No pain no gain. But try as you want to do. Nothing restricts you.
Language exchange is good, but be careful of members of cult groups who target people who want to learn Japanese.


----------



## pauro13

Okay, I guess this is very much a new information for me. Can you please elaborate this cult groups thingy? If you don't mind though, お願いします！


----------



## frequency

You receive a kind contact like 'I want to learn English and teach you Japanese. Contact me.' via FB or else. You start communication with her―the opposite sex is often. After several friendly contacts, someday she suddenly says 'I know a good office where offers a seminar/workshop in Philippines. Why don't you join it?' Major cult groups have their offices worldwide. An invitation to such an event is a dangerous sign; Japanese cult groups often use this way. Once you join a seminar, we won't be able to find your name on this forum anymore.
Their approaches are the same everywhere, as you know, as you can find out. Stop contact as soon as you find something strange with her. But don't forget that you might get a truly kind offer from a person who wants to exchange language.


----------



## pauro13

That's kind of horrible and spooky. Do they use some sort of hypnosis or of some sort to gain members? I'm loyal to God as a christian so I think that this won't bother me that much. xD Though, I'm pretty much interested on how they do there stuffs to gain invites just to know if they already are trying to do sh*ts on me. tsk3.. That's bad.. hehehe.. Have you had into this type of experience that someone were really trying to fool you into their cult? Please tell me more.. hehehe...


----------



## frequency

Ahaha..Okay. A contact via the Internet is just a step to invite a seminar at your location. Some say no, but some might say yes, don't you think? They're 'fishing' many people via contact―her contact, if she's from a cult group, is nothing as lovely as you expect she's contacting you only.
A seminar held by a cult group usually starts after closing the room's door tightly, with many people from the group surrounding you. Do you think you can run away from the room? I don't know if brainwashing starts in the first or the second seminar, whatever soon. Even though you could safely come back from the first seminar, they will contact you again and again. You're already a Christian, but notice what they're doing is brainwashing, not religion.

Another approach: a certain office in Tokyo scouting a teacher for kids (cram school or something) was of run by notorious Aum Shinrikyo. They wanted to get students using the false teacher scout. Don't you think they adroitly collect people?
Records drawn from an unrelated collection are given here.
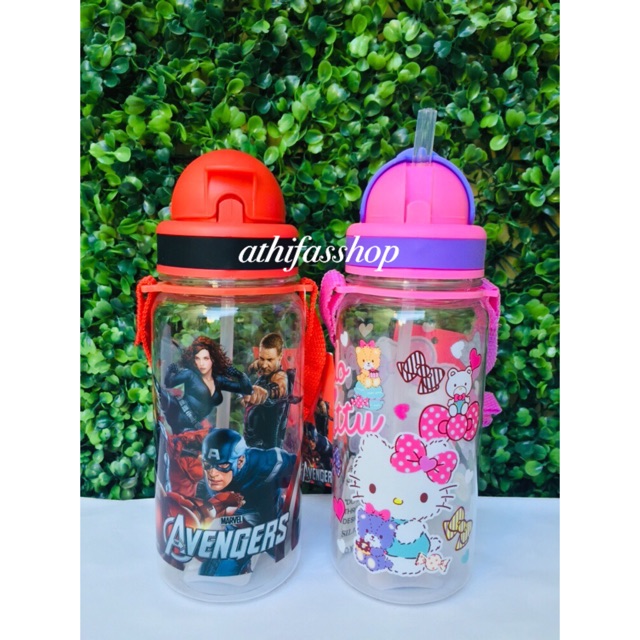 Botol Minum Anak Karakter Sedotan 3675 350ml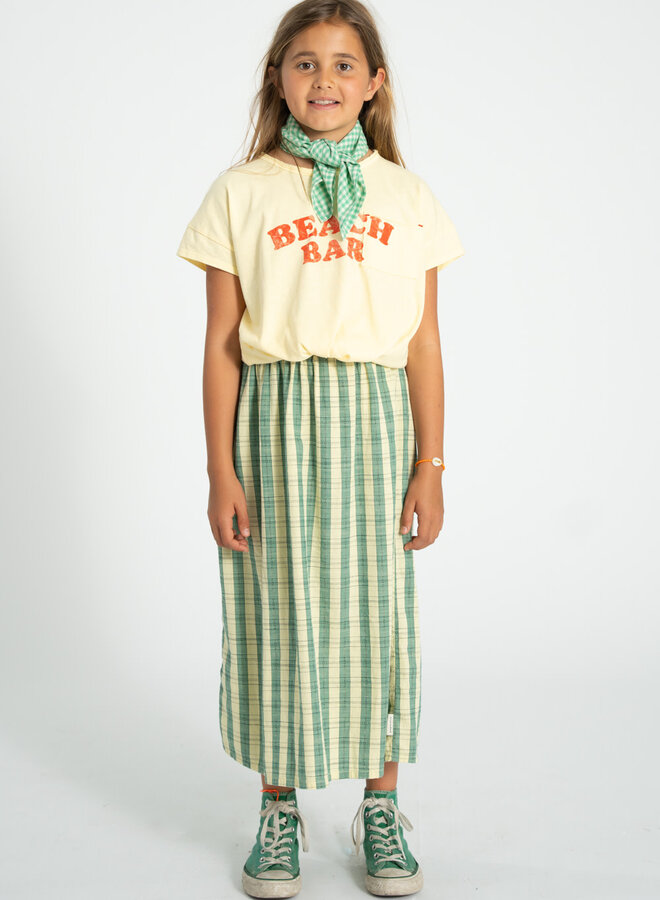 Piupiuchick - T-Shirt Light Yellow/ Beach Bar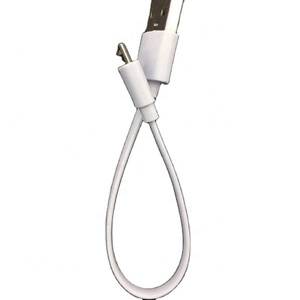 Power Bank Cable Customized <strong>20cm</strong> Micro <strong>Usb</strong> Cable Short Flat <strong>Usb</strong> for Headsets 2A Charging Cord
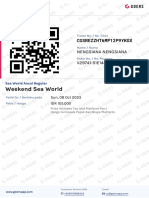 [Venue Ticket] Weekend Sea World - Sea World Ancol Regular - V29741-51E1482-390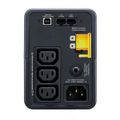APC Back-UPS 500VA, 230V, AVR, IEC Sockets Záložní zdroj, 500VA, 300W, AVR, 230V, ochrana datové linky (2x RJ-45), 3x IEC zásuvka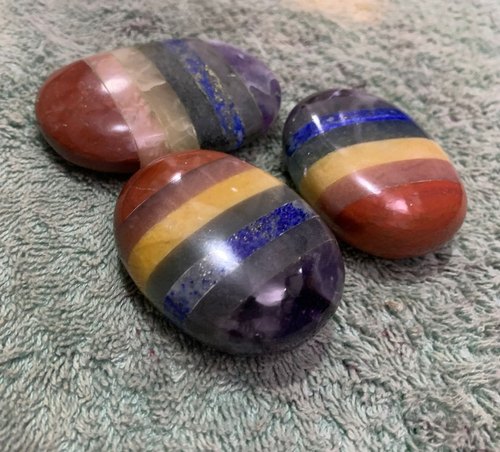 7 Chakra Bonded Palm Gemstone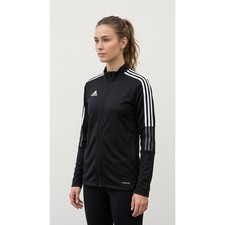 Adidas Track Jacket Womens M Black Pink AEROREADY Primegreen Athleisure Sporty picture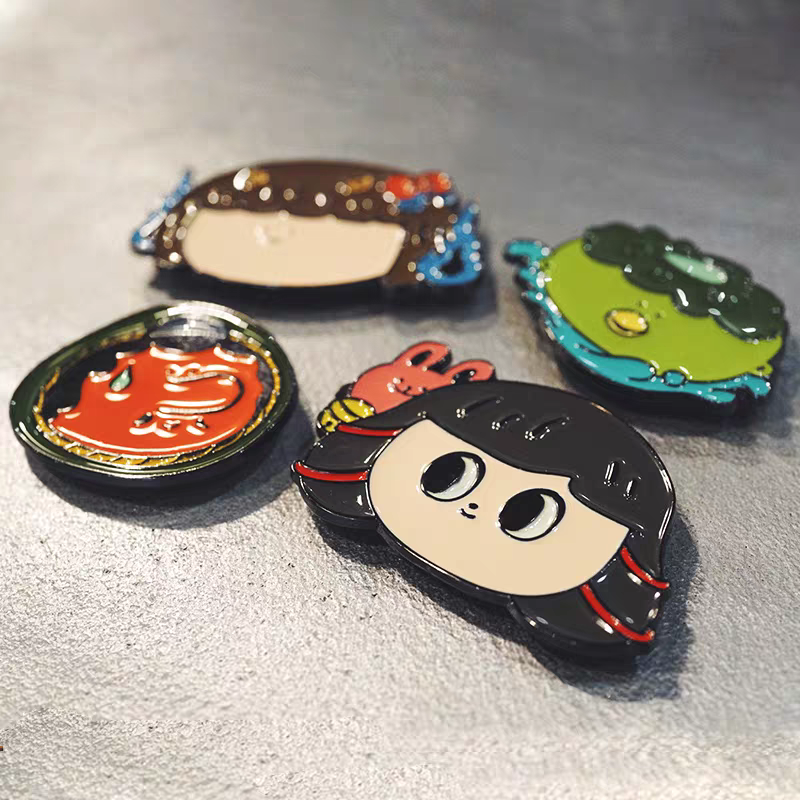 (Badge - Fridge Magnet) Waka-hime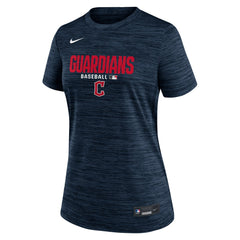Navy Cleveland Guardians Nike Women's Authentic Collection Velocity Dri-FIT T-Shirt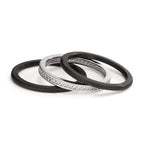 Ring set 375/9 K vitguld, Kol Zirkoniumoxid
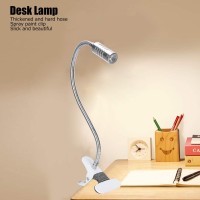 Table Lamp, Warm Light Clip-On Led Desk Lamp, Aluminum Alloy For Desk Headboard Reading Bed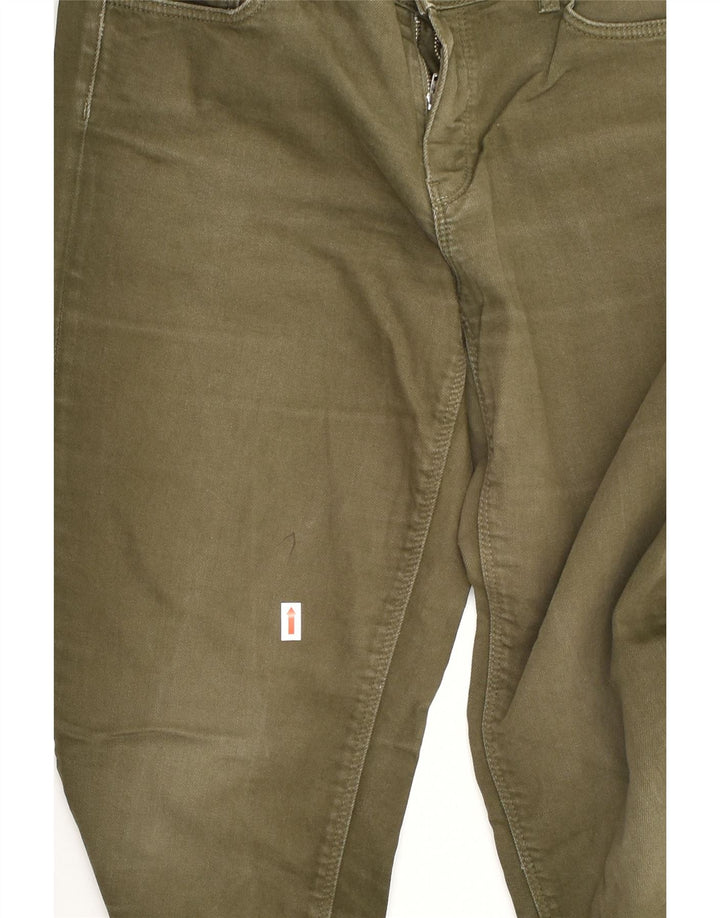 MASSIMO DUTTI Womens Slim Jeans EU 38 Small W29 L29 Khaki Cotton | Vintage Massimo Dutti | Thrift | Second-Hand Massimo Dutti | Used Clothing | Messina Hembry 
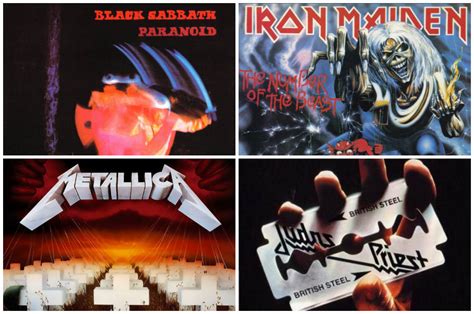 ¿son Estos Los 100 Mejores Discos De Metal De Todos Los Tiempos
Guess why do cult groups, especially managers, want to gain people?


----------



## pauro13

Oh my God, this is freaking me out.. ahaha.. I'm sort of afraid on those types of people, not because of the way they do their stuffs, but because some of them do kill people and perhaps would sort of bring them or offer them to hell or whatsoever it is? I don't know, but this is so new to me. Anyways, why do they want to gain people? Aaaahhh!　たいへんですね？HAHAHA...　あぶないな！


----------